Oddly, we have started throwing the deadbolts at night. Bears open the doors on our cars, so… With the lever type house door handles, it’s an easy swipe of the paw, and they would be inside. Breaking down a door would at least give us a warning.
When we bought our house back in the 1980s we didn’t change the locks at all. About 15 years ago I accidentally locked myself out. A stone from the garden enabled me to break a pane in the front door and open it.
A week later we had a new door and frame. Nothing is totally secure, but I suspect that the cops, even with their standard door opener would have trouble getting in.
Short answer: No.
After [events] we armored up far beyond the typical American home. I’m certain we couldn’t break into our house, at least not in the normal sense that the OP is asking, Given an acetylene torch or some decent angle-grinders we could eventually batter our way inside.

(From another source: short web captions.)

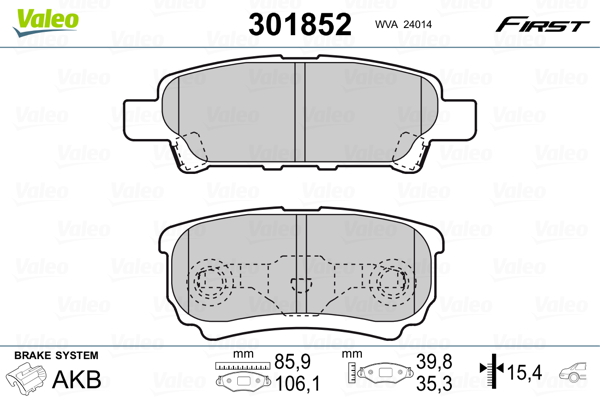 Placute frana VALEO 301852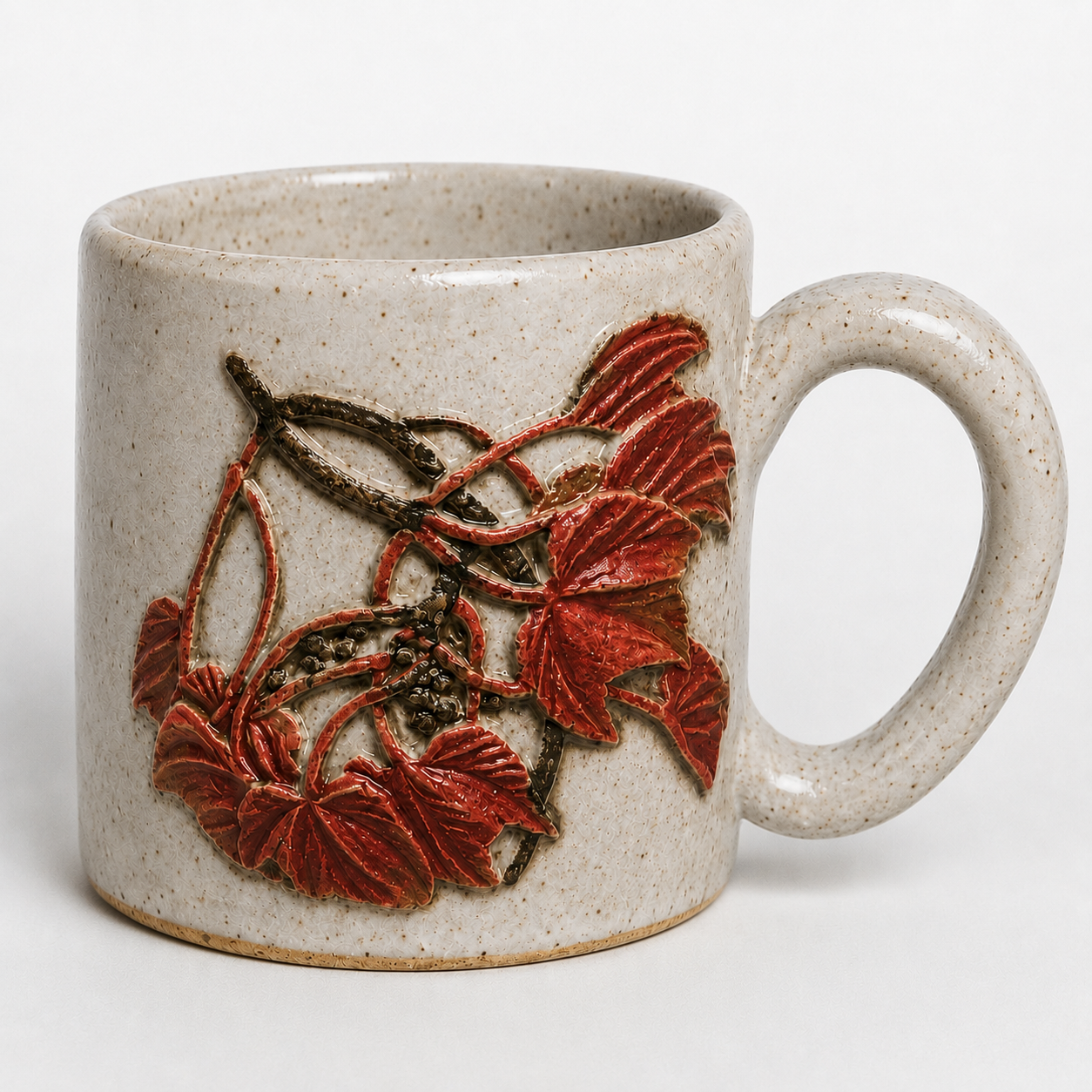 Red Leaf Relief White Stoneware Mug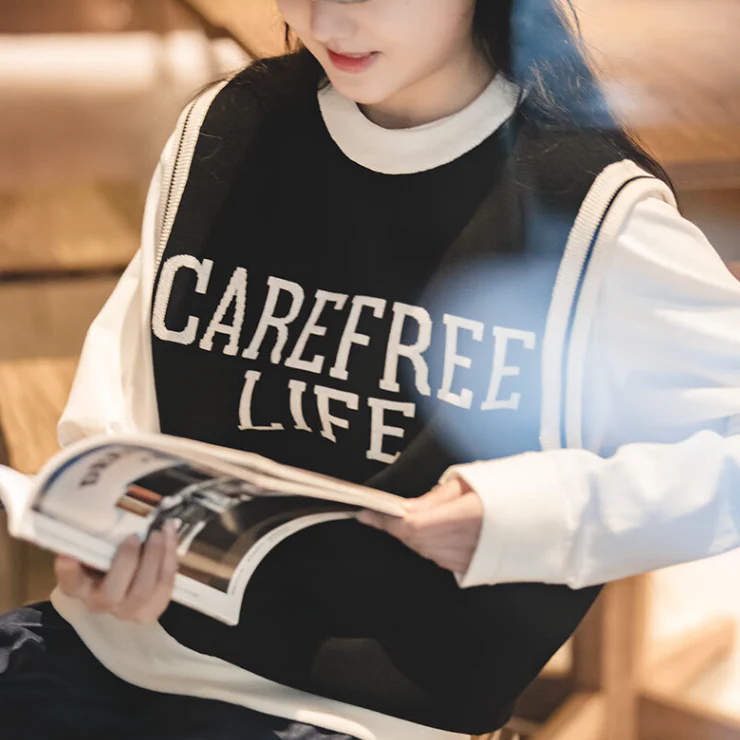 馬登女裝 學院風針織馬甲背心圓領套頭毛衣無袖疊穿上衣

All the doors and windows have steel framing and welded bars, and the locks are high grade (supposedly) unpickable, with a minimum of 3 layers/locks at each entry point. Normal (daytime) entry requires a minimum of 3 “keys” (metal/electronic/code), and at nighttime slide/pin/bar locks ensure no non-destructive entry is possible. One serious breakin attempt has been made. This nearly destroyed a steel security door, caving it partially inward and prying out a few feet of the surrounding frame, along with the concrete threshold. Given the damage, we assume crowbars and probably a sledgehammer were used, but it held up.
Assuming the house was normally locked and I arrived with nothing at all, I could eventually get in. But it requires gathering the necessary stuff via a complex scavenger hunt, with half the steps not even at the house.
I mean, you could get into almost any house with a sledge hammer and enough time. But that’s going to attract attention.
It’s the people who say they could open the back door with a credit card that i wonder, why bother locking?
The only doorlatches that are openable with credit cards are the ones made in the 1960s and before. Anything modern doesn’t have that vulnerability.
My take has always been to not have a locking doorknob. Only a locking deadbolt. If you get outside with keys inside you can’t lock the door at all. The only way to become locked out is to lock the door, then lose your keys someplace in the great outdoors.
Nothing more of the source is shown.